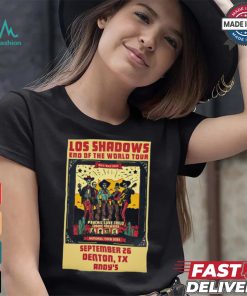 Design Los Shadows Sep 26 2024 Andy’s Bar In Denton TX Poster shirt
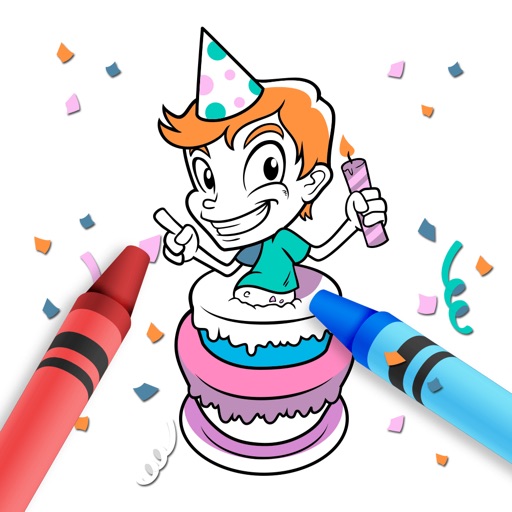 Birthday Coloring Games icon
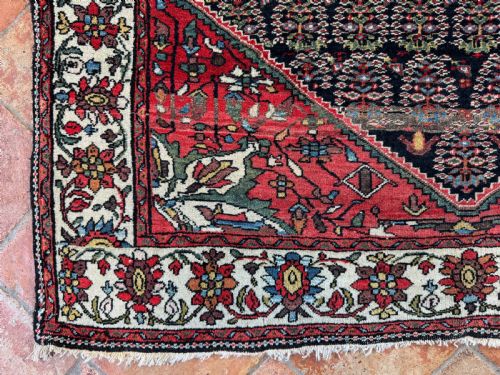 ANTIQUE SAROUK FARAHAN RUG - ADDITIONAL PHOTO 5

------------------------------------------------------------

Any picture in the data is to be skipped, while each line is returned exactly as written.

 Design Los Shadows Sep 26 2024 Andy’s Bar In Denton TX Poster shirt
 Birthday Coloring Games icon
 ANTIQUE SAROUK FARAHAN RUG - ADDITIONAL PHOTO 5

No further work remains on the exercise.